▶ [PROBLEM STATEMENT]: Begin at the line that holds "Sensors | Free" and copy each line exactly until the data below ends, including that last line but no pictures.

▶ [INPUT DATA]:
*** Begin section ***

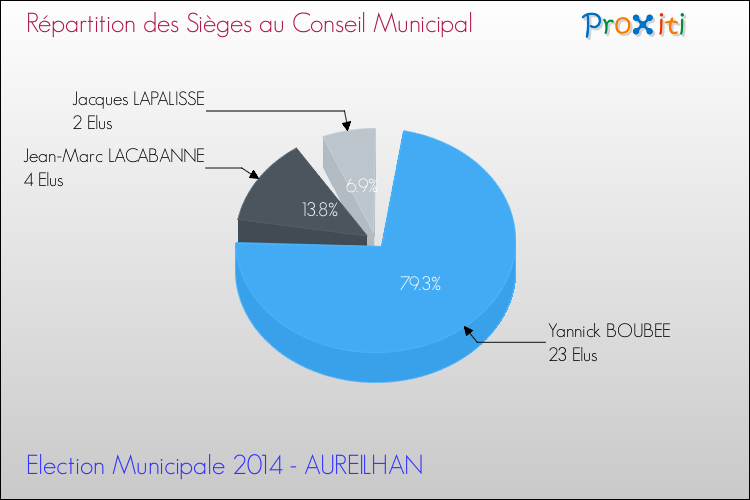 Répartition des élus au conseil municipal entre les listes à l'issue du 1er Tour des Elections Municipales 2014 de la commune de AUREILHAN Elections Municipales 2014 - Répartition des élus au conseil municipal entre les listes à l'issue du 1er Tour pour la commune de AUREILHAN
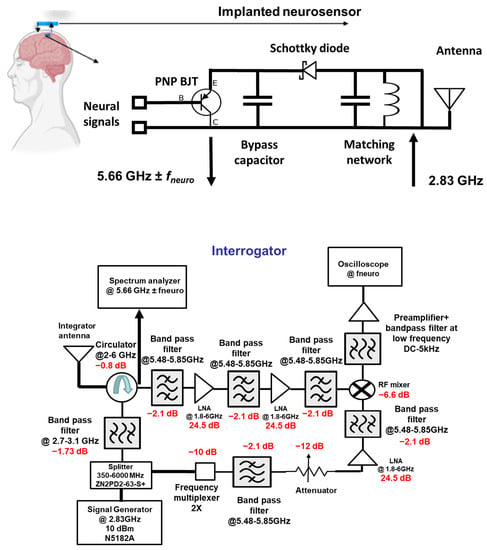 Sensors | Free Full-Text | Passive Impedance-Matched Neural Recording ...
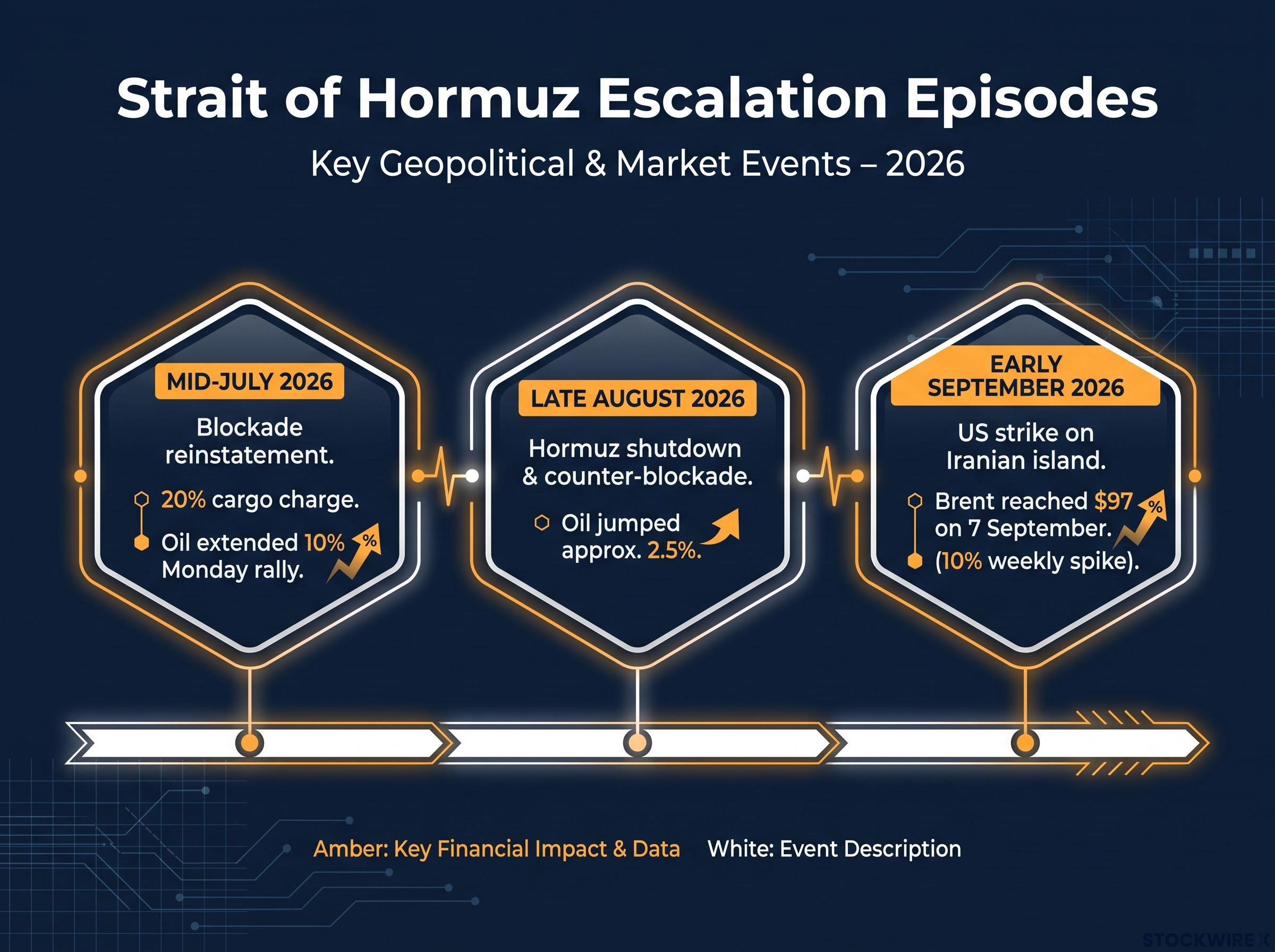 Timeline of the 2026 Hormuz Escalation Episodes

*** End section ***

▶ [EXPECTED ANSWER]:
 Sensors | Free Full-Text | Passive Impedance-Matched Neural Recording ...
 Timeline of the 2026 Hormuz Escalation Episodes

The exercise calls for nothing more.